Interzones and Intersections
Gysin’s work resists easy classification. He was an artist of interzones—geographic, cultural, psychological. Much of his life was spent in Tangier, Morocco, a city that for Gysin held the same liminal pull as Burroughs’ “Interzone.” He co-owned The 1001 Nights restaurant, where he helped introduce Moroccan trance music—the Master Musicians of Jajouka—to the Western avant-garde. He viewed the ritual music not as entertainment but as a living technology of ecstasy, something older than art, more primal than poetry.

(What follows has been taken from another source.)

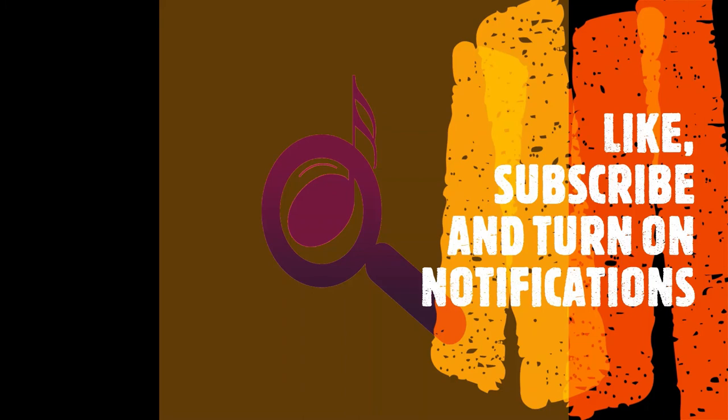Many thanks for tuning in to the Musical Instrument Investigator. I hope that you enjoyed the video. If you did, then please like, subscribe, and turn on notifications and watch out for the next video coming soon.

This love of sound, ritual, and rhythm also infused his visual art, which blended calligraphy, abstraction, and Islamic aesthetics into works that seem to vibrate with hidden frequencies. His pieces often look like sigils or spells, encoded with motion, rhythm, and the ghost of language. They whisper in tongues, even when silent.
Legacy of a Trickster
Gysin died in 1986, never quite recognised in the mainstream but deeply revered in the underground. Brian Eno called him “the most influential person no one’s ever heard of.” David Bowie, Genesis P-Orridge, Patti Smith, and Laurie Anderson all claimed influence. He was a trickster figure, a cultural saboteur, a magical realist of the avant-garde.

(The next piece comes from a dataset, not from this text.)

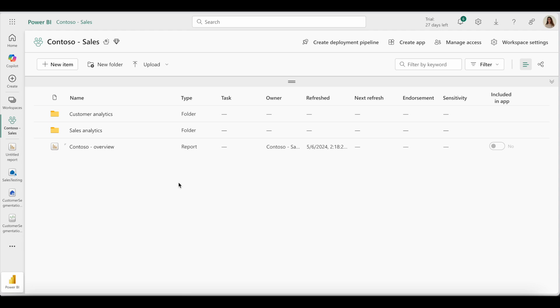Here I have a workspace with multiple items, some within folders. I'll go ahead and connect this workspace to Git.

In many ways, Gysin is the patron saint of the remix. He shattered the tyranny of the straight line—linear time, linear language, linear logic—and invited us into a labyrinth where meaning is fluid, identity is performative, and consciousness is something to be hacked, not accepted.
Why Gysin Still Matters
In an age of algorithmic feeds, AI-generated art, and hypertextual lives, Brion Gysin feels like a prophet whose time has finally come. His cut-up method echoes in digital collage, glitch aesthetics, and generative text. His Dreamachine prefigures virtual reality and brainwave tech. His insistence that “writing is fifty years behind painting” now sounds like a dare to writers to catch up—not with paint, but with code, sound, light, and the architecture of thought itself.
To follow Gysin is to step off the well-worn path and into a realm where language is alive, time folds, and every medium is a doorway. He reminds us that creativity isn’t about mastery of form, but about breaking forms open, listening to the voices in the noise, and having the audacity to follow them into the unknown.
He didn’t just make art.
He cast spells.
Further Exploration:
- The Third Mind by William S. Burroughs and Brion Gysin
- Brion Gysin: His Name Was Master (Documentary)
- Audio Works: “Recalling All Active Agents” and “Junk Is No Good Baby”
- The Process (Novel by Gysin) — A metaphysical road trip through the Sahara
His art invites not admiration, but initiation. Will you walk through the portal?